+++ SOURCE MATERIAL
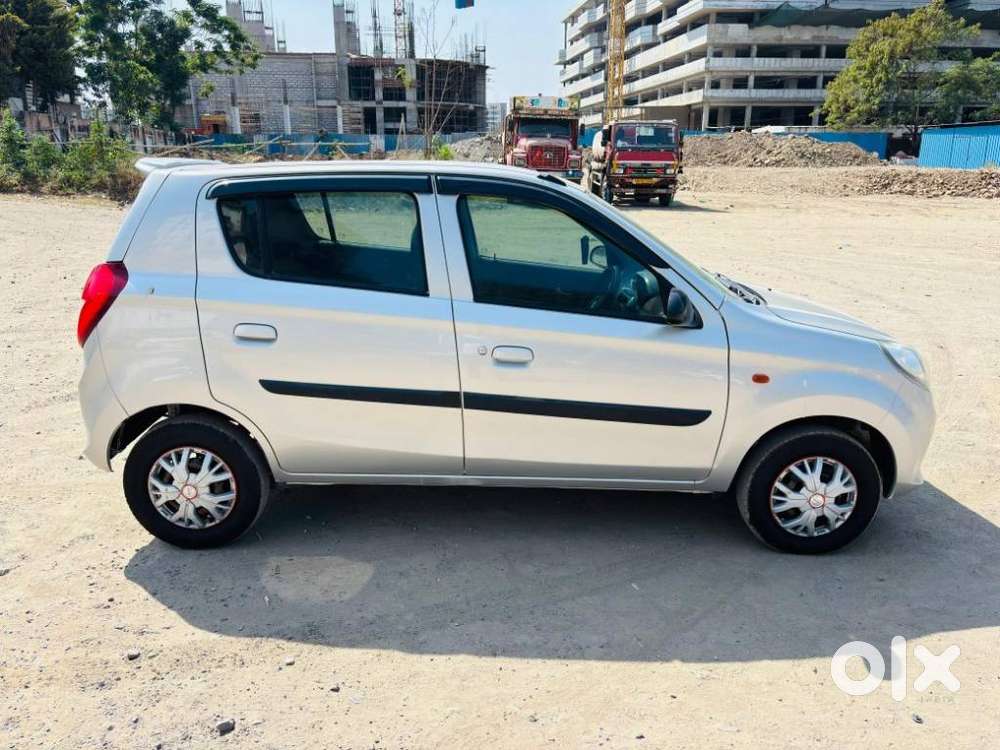 Maruti Suzuki Alto 800 2012-2016 Vxi, 2014, Petrol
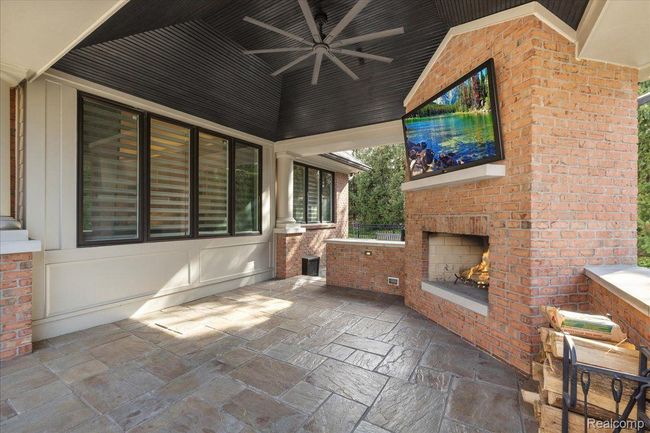 2779 Turtle Lake Dr, House other with 4 bedrooms, 7 bathrooms and null parking in Bloomfield Hills MI | Image 80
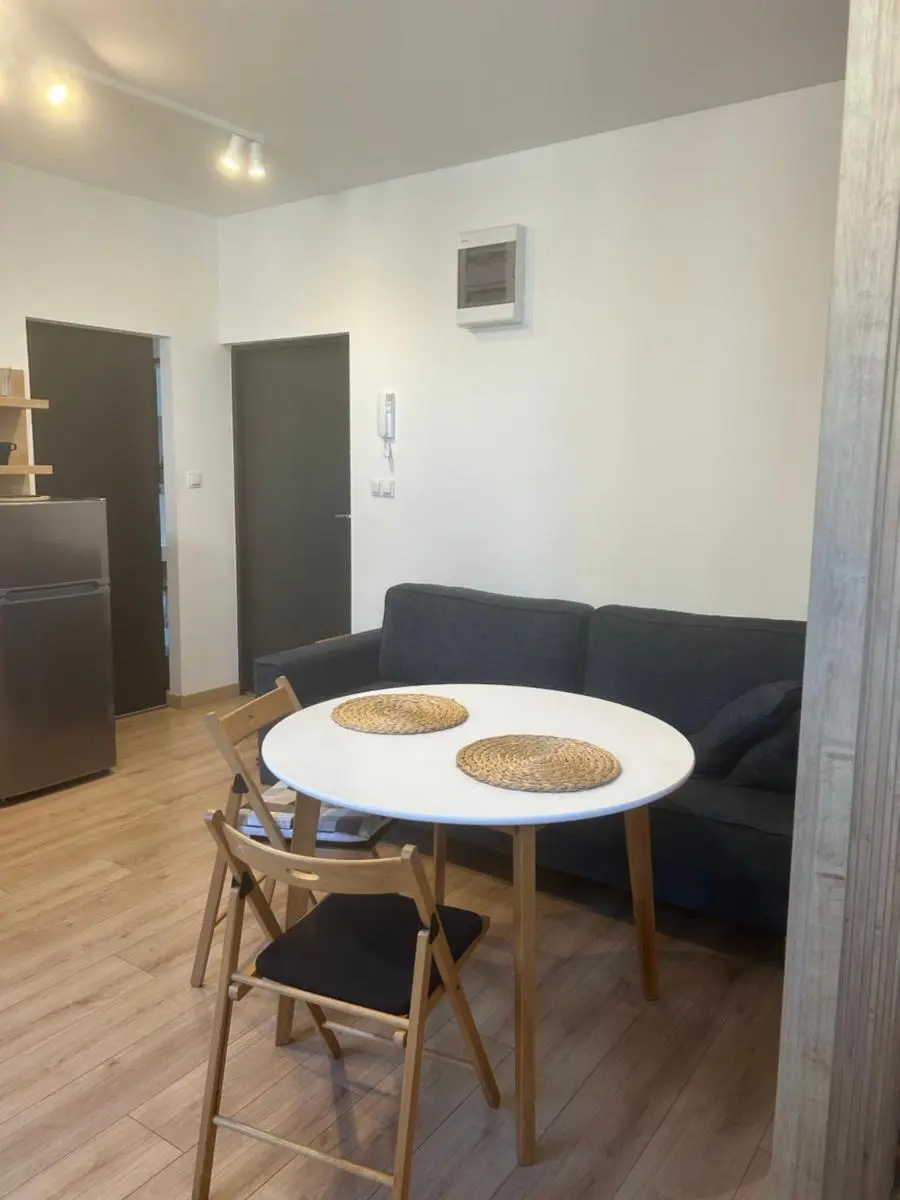 Image 2 of Piotrkowska 277 z bezpłatnym parkingiem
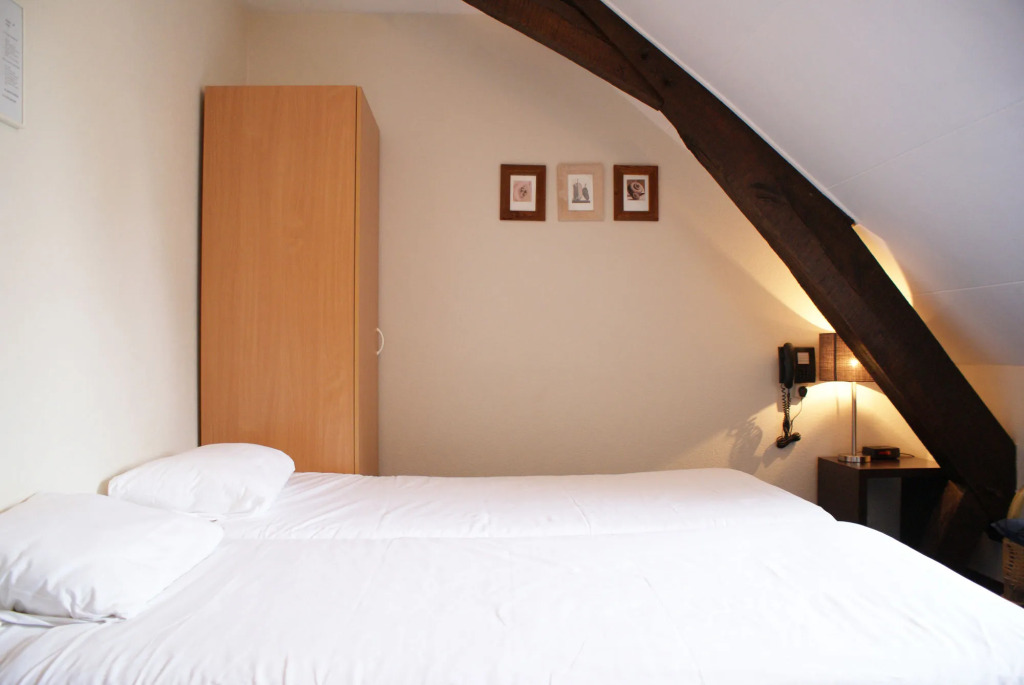 Fletcher Hotel Restaurant De Burghoeve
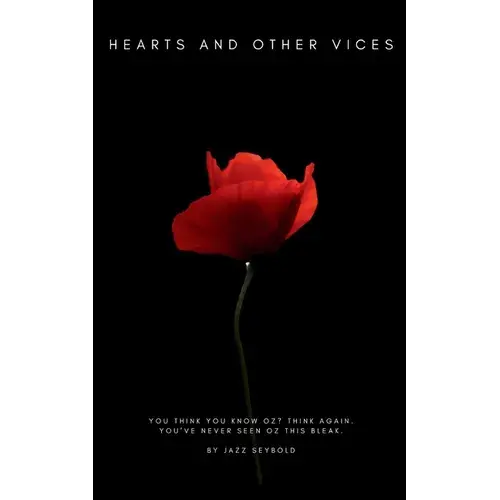 Hearts And Other Vices - Paperback 1
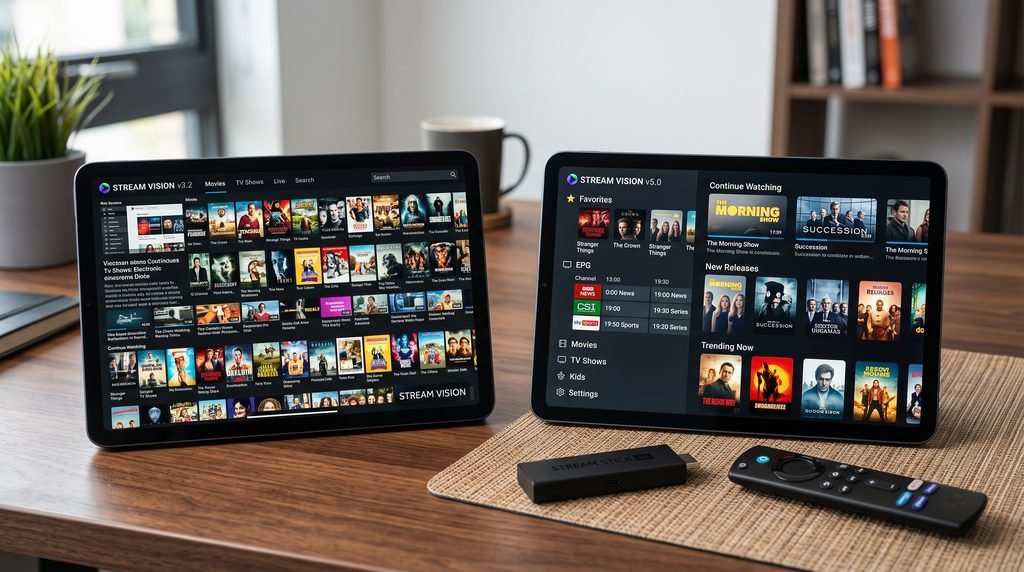 apollo group tv update 2026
++++++
» DIRECTIONS FOR THIS TASK
Could you copy each line above exactly as written, minus any pictures?

» EXPECTED OUTPUT
 Maruti Suzuki Alto 800 2012-2016 Vxi, 2014, Petrol
 2779 Turtle Lake Dr, House other with 4 bedrooms, 7 bathrooms and null parking in Bloomfield Hills MI | Image 80
 Image 2 of Piotrkowska 277 z bezpłatnym parkingiem
 Fletcher Hotel Restaurant De Burghoeve
 Hearts And Other Vices - Paperback 1
 apollo group tv update 2026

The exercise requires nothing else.